Using MarkLogic Content Pump (mlcp)

Filtering Forest Contents

This section covers options available for filtering what is extracted from a forest when you use Direct Access. That is, when you use the mlcp import command with -input_file_type forest or the mlcp extract command.

By default, mlcp extracts all documents in the input forests. That is, mlcp extracts the equivalent of fn:collection(). The following options allow you to filter what is extracted from a forest with Direct Access. These options can be combined.

  • -type_filter: Extract only documents with the listed content type (text, XML, or binary).

  • -directory_filter: Extract only the documents in the listed database directories.

  • -collection_filter: Extract only the documents in the listed collections.

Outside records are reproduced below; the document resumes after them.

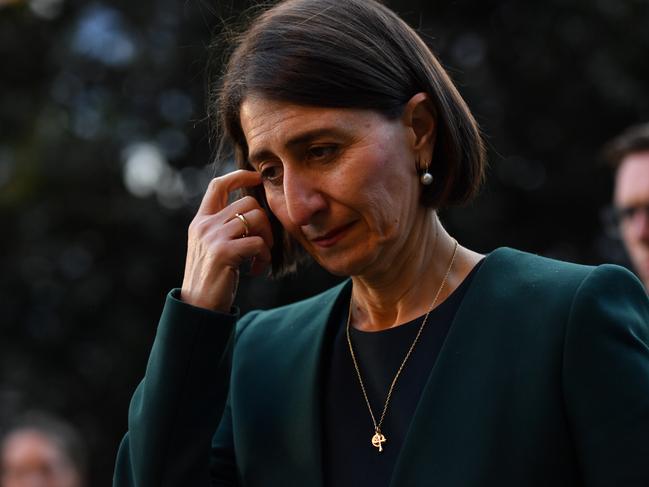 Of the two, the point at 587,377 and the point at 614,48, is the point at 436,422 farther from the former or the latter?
the point at 614,48

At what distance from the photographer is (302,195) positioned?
2.63m

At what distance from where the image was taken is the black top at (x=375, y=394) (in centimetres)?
267

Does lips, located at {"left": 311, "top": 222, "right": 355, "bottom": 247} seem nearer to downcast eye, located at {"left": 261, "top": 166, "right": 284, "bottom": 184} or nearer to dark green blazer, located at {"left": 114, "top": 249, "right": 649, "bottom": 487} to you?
downcast eye, located at {"left": 261, "top": 166, "right": 284, "bottom": 184}

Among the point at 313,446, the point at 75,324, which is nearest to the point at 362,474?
the point at 313,446

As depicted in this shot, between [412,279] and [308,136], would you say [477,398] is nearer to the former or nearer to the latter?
[412,279]

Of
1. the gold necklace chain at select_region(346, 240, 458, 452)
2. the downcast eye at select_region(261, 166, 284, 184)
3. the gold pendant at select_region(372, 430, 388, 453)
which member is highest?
the downcast eye at select_region(261, 166, 284, 184)

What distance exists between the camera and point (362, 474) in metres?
2.67

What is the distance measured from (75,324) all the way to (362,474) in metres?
6.53

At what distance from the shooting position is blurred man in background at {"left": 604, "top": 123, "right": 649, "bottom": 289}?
501 centimetres

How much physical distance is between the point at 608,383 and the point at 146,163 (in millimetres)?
6799

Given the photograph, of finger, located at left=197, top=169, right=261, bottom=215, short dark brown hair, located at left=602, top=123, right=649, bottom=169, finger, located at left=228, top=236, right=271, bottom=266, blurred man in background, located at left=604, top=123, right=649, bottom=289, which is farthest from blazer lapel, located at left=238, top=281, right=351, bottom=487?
short dark brown hair, located at left=602, top=123, right=649, bottom=169

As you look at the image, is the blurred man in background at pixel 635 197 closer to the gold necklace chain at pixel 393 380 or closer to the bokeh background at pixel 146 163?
the gold necklace chain at pixel 393 380

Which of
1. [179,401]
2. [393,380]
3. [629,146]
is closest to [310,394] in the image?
[393,380]

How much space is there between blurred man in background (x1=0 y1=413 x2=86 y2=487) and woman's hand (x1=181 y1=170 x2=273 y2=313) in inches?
78.8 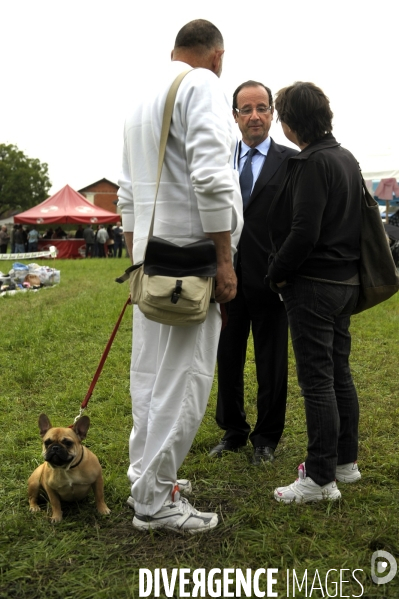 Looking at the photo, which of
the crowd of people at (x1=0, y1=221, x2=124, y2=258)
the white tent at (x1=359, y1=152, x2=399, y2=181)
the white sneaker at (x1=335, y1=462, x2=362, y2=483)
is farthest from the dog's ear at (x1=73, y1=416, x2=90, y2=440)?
the crowd of people at (x1=0, y1=221, x2=124, y2=258)

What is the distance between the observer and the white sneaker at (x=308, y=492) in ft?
10.1

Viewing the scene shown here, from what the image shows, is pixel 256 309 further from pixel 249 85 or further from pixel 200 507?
pixel 249 85

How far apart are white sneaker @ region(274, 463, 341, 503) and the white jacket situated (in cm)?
126

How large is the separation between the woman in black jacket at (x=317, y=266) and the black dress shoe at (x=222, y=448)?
74cm

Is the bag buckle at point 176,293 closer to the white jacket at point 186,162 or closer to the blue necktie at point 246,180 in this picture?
the white jacket at point 186,162

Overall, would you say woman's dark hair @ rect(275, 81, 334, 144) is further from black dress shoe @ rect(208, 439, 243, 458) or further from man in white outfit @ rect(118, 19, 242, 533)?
black dress shoe @ rect(208, 439, 243, 458)

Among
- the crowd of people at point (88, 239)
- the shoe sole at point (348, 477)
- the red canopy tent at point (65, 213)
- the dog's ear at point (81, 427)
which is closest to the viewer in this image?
the dog's ear at point (81, 427)

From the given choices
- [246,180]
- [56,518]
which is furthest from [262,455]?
[246,180]

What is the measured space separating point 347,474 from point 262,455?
0.57m

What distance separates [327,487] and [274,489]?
1.05 feet

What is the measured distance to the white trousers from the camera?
2.78 m

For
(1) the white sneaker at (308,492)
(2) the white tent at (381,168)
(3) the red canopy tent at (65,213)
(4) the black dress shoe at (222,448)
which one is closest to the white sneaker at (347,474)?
(1) the white sneaker at (308,492)

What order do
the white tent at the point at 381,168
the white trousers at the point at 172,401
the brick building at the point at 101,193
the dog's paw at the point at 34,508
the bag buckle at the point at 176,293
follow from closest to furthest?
the bag buckle at the point at 176,293 < the white trousers at the point at 172,401 < the dog's paw at the point at 34,508 < the white tent at the point at 381,168 < the brick building at the point at 101,193

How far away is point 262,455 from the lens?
3727 mm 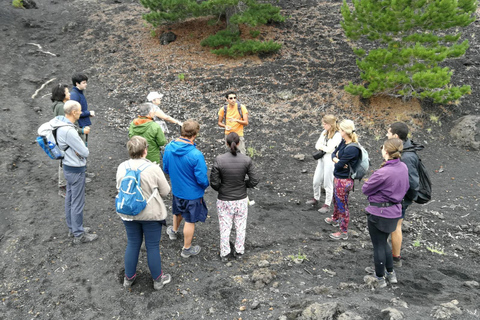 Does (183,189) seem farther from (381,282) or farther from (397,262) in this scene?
(397,262)

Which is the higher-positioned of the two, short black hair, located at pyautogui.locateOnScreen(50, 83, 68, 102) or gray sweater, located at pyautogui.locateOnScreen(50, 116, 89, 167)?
short black hair, located at pyautogui.locateOnScreen(50, 83, 68, 102)

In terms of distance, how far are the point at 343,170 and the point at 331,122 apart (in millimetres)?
894

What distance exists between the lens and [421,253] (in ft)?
16.5

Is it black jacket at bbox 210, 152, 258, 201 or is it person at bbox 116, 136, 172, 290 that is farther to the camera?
black jacket at bbox 210, 152, 258, 201

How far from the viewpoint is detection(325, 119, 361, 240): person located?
4621 millimetres

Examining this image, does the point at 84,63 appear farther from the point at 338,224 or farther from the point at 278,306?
the point at 278,306

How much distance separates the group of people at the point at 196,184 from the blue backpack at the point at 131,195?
88 millimetres

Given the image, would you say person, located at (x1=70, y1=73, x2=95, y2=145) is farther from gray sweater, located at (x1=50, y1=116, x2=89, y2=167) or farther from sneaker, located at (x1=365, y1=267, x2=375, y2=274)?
sneaker, located at (x1=365, y1=267, x2=375, y2=274)

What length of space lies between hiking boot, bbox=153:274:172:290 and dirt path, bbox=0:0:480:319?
70mm

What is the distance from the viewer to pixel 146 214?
3533mm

For example, following combination of options extracts only XML documents in the collections named “2004” or “2005”.

mlcp.sh extract -type_filter xml -collection_filter "2004,2005" ...

Similarly, the following options import only binary documents in the source database directory /images/:

mlcp.sh import -input_file_type forest \
    -type_filter binary -directory_filter /images/

When you use Direct Access, filtering is performed in the process that reads the forest files rather than being performed by MarkLogic Server. For example, in local mode, filters are applied by mlcp on the host where you run it.

In addition, filtering cannot be applied until after a document is read from the forest. When you import or extract files from a forest file, mlcp must “touch” every document in the forest.

For details, see Using Direct Access to Extract or Copy Documents.